Отбеливатель для белья, обед из четырех блюд, бусы – не то чтобы я ничего не знала об этом и не могла разобраться, если бы попыталась. Я подписываю открытки для каждого подарка дочерей и всегда убираю за мужем еду в пластиковые контейнеры, вместо того чтобы убрать сковороду в холодильник. Но я отказываюсь искать подобную информацию для себя. В глубине души поиск крупиц знаний означает, что я приму на эмоциональном уровне тот факт, что моя мать не вернется. Откуда мне знать это наверняка? В моих снах она возвращается здоровой, а ее смерть была чудовищной ошибкой, но она молчит и стоит вдалеке, как тень, не зная, что произошло за годы ее отсутствия. В мире подсознательных мыслей, в котором моя мать мертва, но не совсем, я – по-прежнему дочь, которая ждет, что ее мать станет наставником. Я не могу заменить ее. Даже сама.

Возможно, это мой способ почтить ее – утверждать, что мои мелкие домашние проблемы может уладить лишь она. Возможно, именно поэтому мне никогда не удавалось найти замену матери. Хотя я нуждалась в более зрелой, опытной женщине, и когда знакомлюсь с такой, я никогда не знаю, в каком объеме могу попросить поддержку и на что вправе надеяться. Мать моего бывшего однажды заявила, что я не уважаю ее, и теперь я задаюсь вопросом, правда ли это. Я знаю, что не собиралась проявлять неуважение, но она могла так воспринять мою эмоциональную отстраненность и огромную самодостаточность. Я понятия не имела, как вести себя в присутствии более взрослой женщины – слишком много времени прошло с тех пор, как я потеряла такую женщину. Какой опыт дают твои 65 лет? Какой авторитет мы обе вправе проявлять? Относиться к пожилой женщине на равных – значит обесценивать ее опыт и мудрость. Подчиниться – значит игнорировать собственные наработки. Если другая женщина не начинает действовать первой, задавая тон отношениям, я веду себя неуверенно, неловко и застенчиво, опасаясь ее осуждения. Я хочу, чтобы в ее присутствии мои дети вели себя идеально. А сама не знаю, куда деть руки.

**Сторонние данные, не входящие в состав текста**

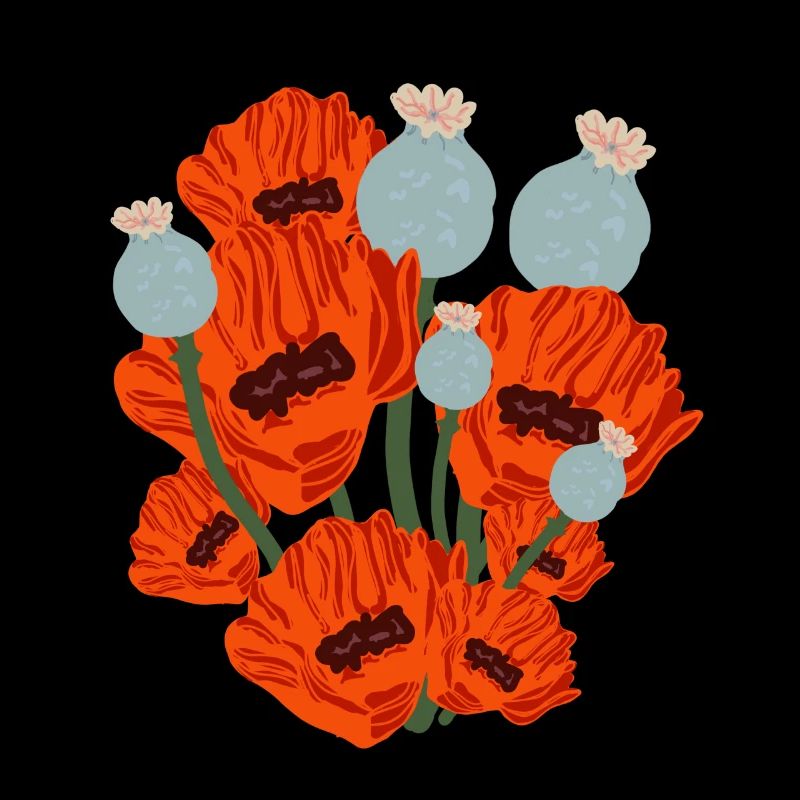 Lustiger roter Mohn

Позволить женщине заботиться обо мне по-настоящему – это предложение всегда манило и пугало одновременно. Мне хотелось ощутить мягкое и сильное давление женских рук, когда я болею, чувствую себя одинокой или напуганной, но я боюсь, что постоянное присутствие будет казаться вторжением. Я до сих пор задаюсь вопросом: не сделали ли меня все годы, проведенные в одиночестве и надежде на волшебное появление другой мамы, слишком самодостаточной и колючей, чтобы принять ее. Не поздно ли?